(Beginning of The input)

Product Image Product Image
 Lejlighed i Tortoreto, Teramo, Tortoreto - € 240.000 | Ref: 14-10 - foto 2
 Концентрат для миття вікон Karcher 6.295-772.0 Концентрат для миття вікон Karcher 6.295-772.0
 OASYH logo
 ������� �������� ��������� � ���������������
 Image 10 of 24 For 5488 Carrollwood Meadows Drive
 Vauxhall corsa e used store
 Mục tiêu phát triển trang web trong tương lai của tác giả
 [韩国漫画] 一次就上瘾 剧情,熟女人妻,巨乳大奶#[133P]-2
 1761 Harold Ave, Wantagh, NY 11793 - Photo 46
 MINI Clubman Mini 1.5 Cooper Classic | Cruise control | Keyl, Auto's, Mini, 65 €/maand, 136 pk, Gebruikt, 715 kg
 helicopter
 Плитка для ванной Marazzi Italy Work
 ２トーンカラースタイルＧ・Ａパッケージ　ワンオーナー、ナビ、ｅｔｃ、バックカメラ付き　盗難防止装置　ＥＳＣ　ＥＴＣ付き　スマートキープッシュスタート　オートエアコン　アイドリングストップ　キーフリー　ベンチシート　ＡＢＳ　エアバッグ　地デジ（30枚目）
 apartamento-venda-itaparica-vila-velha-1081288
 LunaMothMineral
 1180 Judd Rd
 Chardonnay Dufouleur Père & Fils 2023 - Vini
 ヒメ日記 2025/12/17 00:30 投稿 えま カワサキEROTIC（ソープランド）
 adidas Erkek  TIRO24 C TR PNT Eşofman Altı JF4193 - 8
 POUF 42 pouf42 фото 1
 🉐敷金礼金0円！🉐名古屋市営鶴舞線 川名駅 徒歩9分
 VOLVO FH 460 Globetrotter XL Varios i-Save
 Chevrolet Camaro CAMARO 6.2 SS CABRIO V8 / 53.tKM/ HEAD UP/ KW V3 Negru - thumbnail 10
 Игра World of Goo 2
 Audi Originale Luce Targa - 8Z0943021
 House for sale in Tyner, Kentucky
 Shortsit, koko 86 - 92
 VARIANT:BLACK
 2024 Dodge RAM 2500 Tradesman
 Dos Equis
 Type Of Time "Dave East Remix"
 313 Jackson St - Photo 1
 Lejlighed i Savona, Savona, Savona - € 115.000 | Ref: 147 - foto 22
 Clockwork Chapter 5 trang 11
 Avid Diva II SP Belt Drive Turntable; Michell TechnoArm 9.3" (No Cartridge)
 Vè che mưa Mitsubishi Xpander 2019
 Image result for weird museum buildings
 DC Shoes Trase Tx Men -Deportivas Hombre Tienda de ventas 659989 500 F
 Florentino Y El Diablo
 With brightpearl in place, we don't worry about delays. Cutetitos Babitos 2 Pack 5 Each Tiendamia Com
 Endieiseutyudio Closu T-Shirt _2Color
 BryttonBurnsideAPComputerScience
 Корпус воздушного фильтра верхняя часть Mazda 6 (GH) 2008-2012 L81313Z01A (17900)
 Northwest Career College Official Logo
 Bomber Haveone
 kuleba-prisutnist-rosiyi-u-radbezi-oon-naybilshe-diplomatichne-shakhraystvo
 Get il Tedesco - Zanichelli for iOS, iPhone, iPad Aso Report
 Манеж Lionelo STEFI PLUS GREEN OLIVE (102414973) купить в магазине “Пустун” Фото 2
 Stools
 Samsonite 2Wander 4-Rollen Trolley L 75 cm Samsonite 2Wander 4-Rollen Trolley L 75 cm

(End of The input)

→ Exercise description: Copy out every line of the data that includes "Drive".

→ Exercise solution:
 Image 10 of 24 For 5488 Carrollwood Meadows Drive
 Avid Diva II SP Belt Drive Turntable; Michell TechnoArm 9.3" (No Cartridge)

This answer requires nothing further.